Tzimmes, a rich dish in the economic sense

*Tzures in Jiddish, but in Hebrew TzaRot (צרות) – means trouble, sorrow, problems, misfortune

All week, Ukraine was waiting for the country’s main budget to be passed. Jews were also actively following events in the Supreme Rada, for one of the most important earthly questions was being decided: how are we going to live, and what are we going to live on? The deputies did their best to divide up and cover the “budget deficit”. But in any financial calculations, tzures is still tzures! You don’t need to go to a rabbi, it’s all quite clear already! A deficit is a deficit.

But even in Galut cuisine, you can cook tasty dishes. And this isn’t about politics, but how to lay a generous Shabbat table properly in the present economic situation.

Economy should be economical

This is not quite a Jewish approach, for economy is not a synonym of miserliness. It is rather about rationalism. As proof, take an average Jewish grandmother. She will make you at least 10 dishes from one kitchen. And she will also sell the entrails, so she can afford to buy good wine for Kiddush. Economically calculating the family’s ration is in our blood, or rather, it is handed down from generation to generation, from meal to meal, from family to family… This determines national cuisine and the individual traditional dishes that the Jews devised out of necessity.

For many centuries, the Jews were in Galut. Despite the widespread opinion that “there are no poor Jews, and if there are, then they’re not Jews”, the history of their cuisine proves the opposite: for centuries, Jewish families were not well-off, but g-d-fearingly observed traditions. For example, in the 18th centuries, Jews could hardly afford fish. Most of our ancestors only bought herring “from the bottom” of the barrel. For brown fish with a strong smell that cost a few kopecks was all that many Jews could afford at that time. To fulfill the obligations that Jerusalem [the Jewish people] took on before the Almighty by Mount Sinai, we learned to live on a minimum, but to serve meals at a maximum. The meal on Shabbat is an opportunity to increase our joy in what is sacred, and it is an indisputable law that is thousands of years ago, which was observed even in the poorest and largest Jewish families. Thus Tzimmes appeared on the Shabbat table.

The naches of tzimmes

Tzimmes literally means “pleasure”, “the best”. This meaning is well-known today in the dictionaries of many countries, including Ukraine. For initially the dish was invented as a desert which we traditionally serve on Rosh Hashanah (the Jewish New Year).
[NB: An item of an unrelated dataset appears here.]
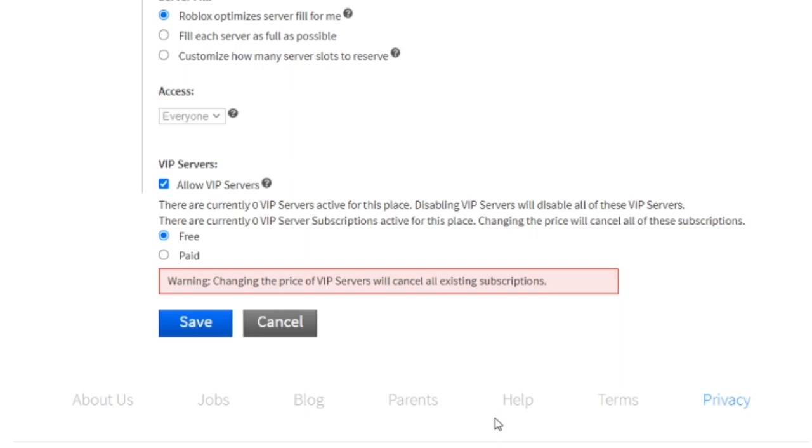Just a little informative video about free VIP servers. I found this out from Twitter actually. Roblox doesn't really give any notes or anything about their updates, but Roblox, a little hint there, give us some information. Thank you for watching. See you guys in the next video, next stream, whatever, and peace.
The main ingredient of the Ukrainian Tzimmes is stewed carrot with the addition of other vegetables or fruit, and honey. From the point of view of the history of Jewish cuisine, this dish is relatively new. It only appeared in the 18th century, when carrots became popular in Europe. This product was cheap, and Jews liked it for its sweet taste. Again, purely Jewish economic rationalism! In a few centuries, Tzimmes became an integral part of national cuisine, and the traditional national dish of the Jews of Central and Eastern Europe.
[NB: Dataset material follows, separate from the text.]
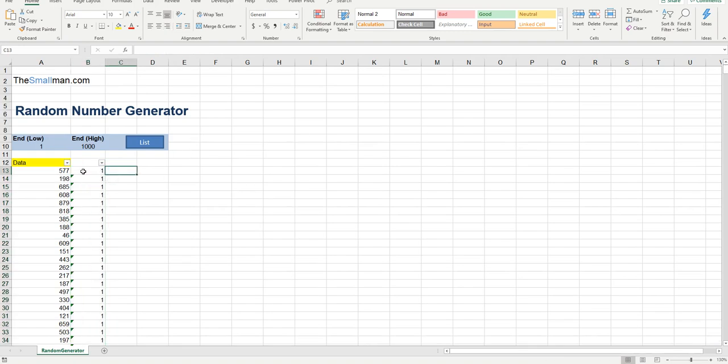That is how you create a unique random number generator from scratch. You've got it on video so you can play it at your own speed. But there you go, peeps. Have fun with it and have a wonderful day.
There is no single recipe for making Tzimmes. In different parts of the world, it is made differently. In Ukraine it was not only prepared for the most important holiday of the year, but also as a daily ration, not only as a desert, but also as a garnish. Etymologists explain the reason: the Yiddish word “tzimmes” has German roots and means “for eating” (German “zum”, “for”, “essen” “eating”).
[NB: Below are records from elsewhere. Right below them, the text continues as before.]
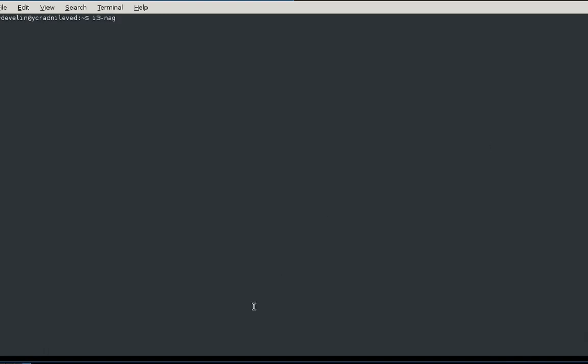i3-Nagbar is part of the i3 window manager along with other tools like i3bar, which is this little thing at the bottom that displays some system information.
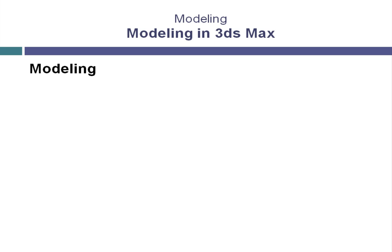We'll start to open 3ds Max and create the models we'll need for the first panel of our storyboard. We'll do this by first working with 2D shapes, an efficient and effective method of creating the basis for your 3D models.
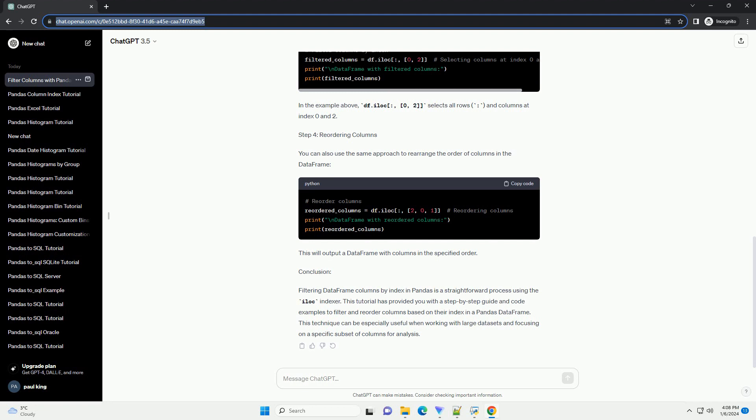Step 4, Reordering Columns: You can also use the same approach to rearrange the order of columns in the data frame. This will output a data frame with columns in the specified order.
We don’t eat candy, we serve sweet Tzimmes

Like many other Jewish dishes, Tzimmes not only became popular within the Pale, but also created a whole series of sayings and definitions connected with its incomparable flavor. In the dialect dictionary of Odessa, the local meaning of the concept of Tzimmes is defined as the quintessence…. In Odessan business circles you may hear: “That’s the whole tzimmes!”, and when praising something, “That’s a tzimmes!”, and speaking of a “sweet” baby, “Tzimmes mit kompot”!

This folklore shows the heightened feelings for Tzimmes at the national level. It is absolutely justified by the laws of Kashrut, as it is easy to make and the flavors of the ingredients are preserved.

Several arguments:

• In the 19th century refrigerators did not exist, but this dish could be kept throughout Shabbat;

• On Shabbat, ovens and fires were not lit because of the ban on cooking, but you could heat up Tzimmes without breaking the Shabbat (it is not liquid and does not burn);

• It is equally delicious hot or cold;

• it is cheap, delicious and nutritious.


Classic Tzimmes recipe:

Carrots – 5
Prunes – 300 gr.
Raisins – 100 gr.
Honey – 120 gr.
Vegetable oil – 30 gr.
Nuts to taste

Cut the carrots into half-rings, add a little sunflower oil and put on a low heat to stew. Ten minutes later, add a pinch of salt and the honey, and stew for another five minutes. Wash the prunes and raisins (soak them beforehand), cut into pieces and add vegetable oil. Stir well for 10 minutes. Sprinkle nuts on top and serve.

And Shabbat Shalom!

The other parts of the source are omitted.